1. 捕获Checkpoint和基于Checkpoint的恢复执行
在正式介绍MAF基于Checkpointing的持久化机制之前,我们先利用一个简单的来演示一下如何利用事件迭代的方式收集基于Superstep生成的Checkpoint。Checkpoint存储了某个Superstep正常结束或者因某些情况中断时的Workflow状态,我们可以利用某个Checkpoint从这个时间点重放Workflow的执行过程。
1.1 编排工作流
我们构建的Workflow的所有节点都采用如下这个的SimpleExecutor类型。如代码片段所示,为了跟踪组成Workflow的每个Executor的执行情况,我们在控制台输出了Executor被调用的消息。为了后面演示针对共享状态的持久化,我们调用了IWorkflowContext的QueueStateUpdateAsync方法以Is{ExecutorId}Invoked为Key,tracking为Scope写入了一个状态。
internal partial class SimpleExecutor(string id) : Executor(id)
{
[MessageHandler]
public async ValueTask<string> HandleAsync(string input, IWorkflowContext context)
{
await Task.Delay(10);
Console.WriteLine($"Executor {Id} is invoked");
await context.QueueStateUpdateAsync(key: $"Is{Id}Invoked", value: true, scopeName: "tracking");
return Id;
}
}
我们指定不同的ID(“foo”, “bar”, “baz”, “qux”, “quux”)来创建五个SimpleExecutor对象,并将它们按照如下的方式编排成一个Workflow。

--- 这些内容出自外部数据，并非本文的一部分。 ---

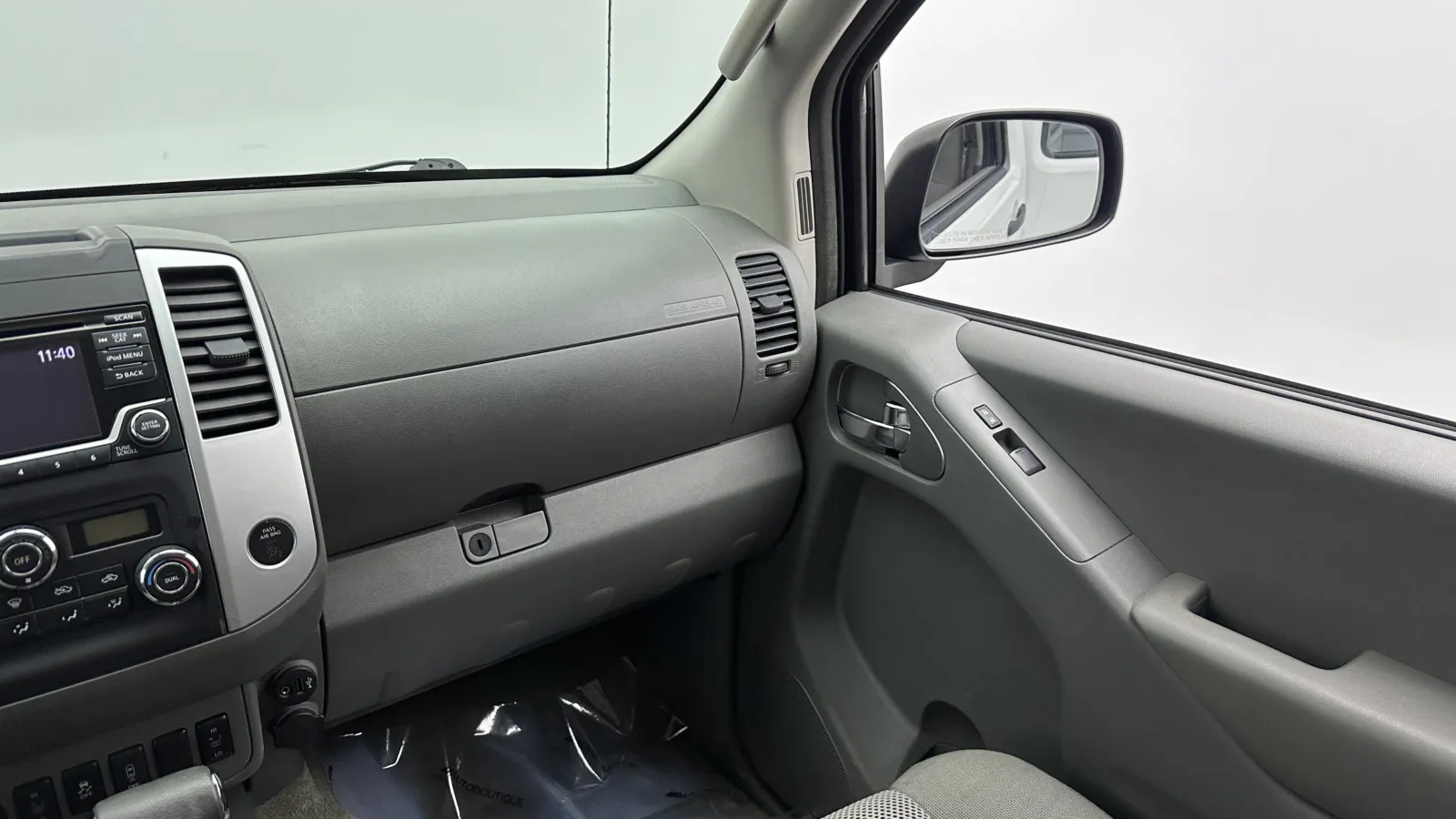 Nissan Frontier photo 28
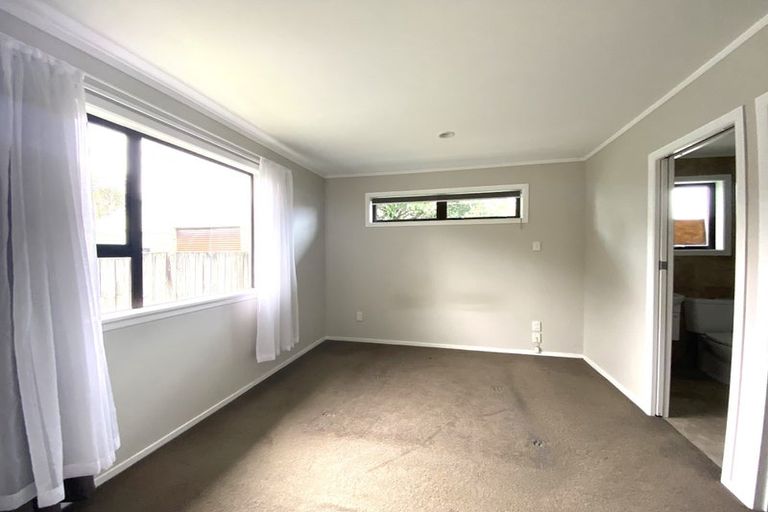Photo of property in 35a Savoy Road, Glen Eden, Auckland, 0602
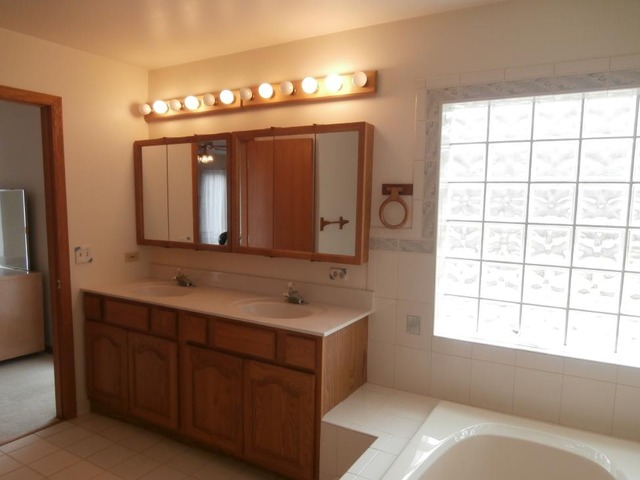 7004 Johnsburg Rd, Spring Grove, IL 60081 photo 17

var executors = new string[] { "foo", "bar", "baz", "qux", "quux" }
.ToDictionary(it => it, it => new SimpleExecutor(it));
var workflow = new WorkflowBuilder(executors["foo"])

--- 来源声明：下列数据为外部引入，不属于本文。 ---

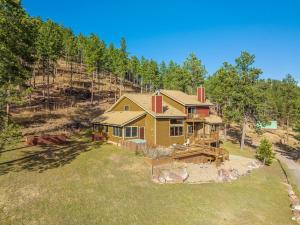 Gallery image of Peaceful Pines in Rapid City +38 photos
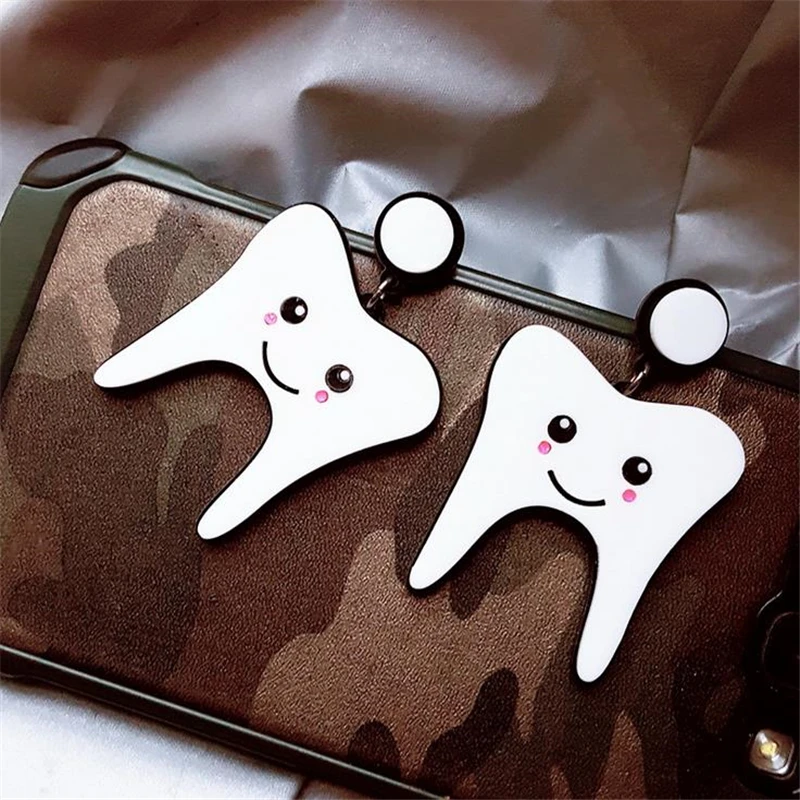 Doreen Box, Милые акриловые серьги-гвоздики в форме зуба, новые модные женские серьги-гвоздики белого цвета, трендовые серьги для девочек, ювелирное изделие, 5,8x4 см, 1 пара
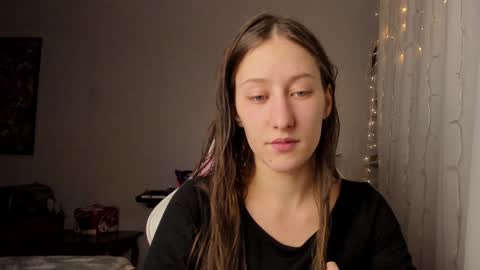 Adell online show from 5, 1, 2025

.AddFanOutEdge(executors["foo"], [executors["bar"], executors["baz"]],label:"fan-out")
.AddEdge(executors["bar"], executors["qux"])
.AddFanInBarrierEdge([executors["baz"], executors["qux"]], executors["quux"])
.Build();
await Utilities.GenerateAndShowPngImageAsync(workflow);
Utilities的GenerateAndShowPngImageAsync是我们在前面介绍的一个工具方法,它可以根据Workflow对象生成对应的流程图,并在本地打开这个图片文件。上面的代码片段中,我们创建了五个Executor对象,并将它们按照特定的方式编排成一个Workflow。生成的流程图如下所示:
1.2 确定Excutor执行所在的Superstep
由于Checkpointing是基于Superstep来实现的,为了更好地理解基于这个我们构建的这个Workflow背后的Checkpointing机制,我们有必要进一步了解这个Workflow基于BSP向前推进的流程,看看具有的Executor都在哪个Superstep中执行。如下面的代码片段所示,我们在调用默认的InProcessExecution的RunStreamingAsync方法以流的方式执行Workflow之前,先调用WithCheckpointing方法来启用Checkpointing为它指定一个通过调用CheckpointManager.CreateInMemory方法创建的ICheckpointManager对象。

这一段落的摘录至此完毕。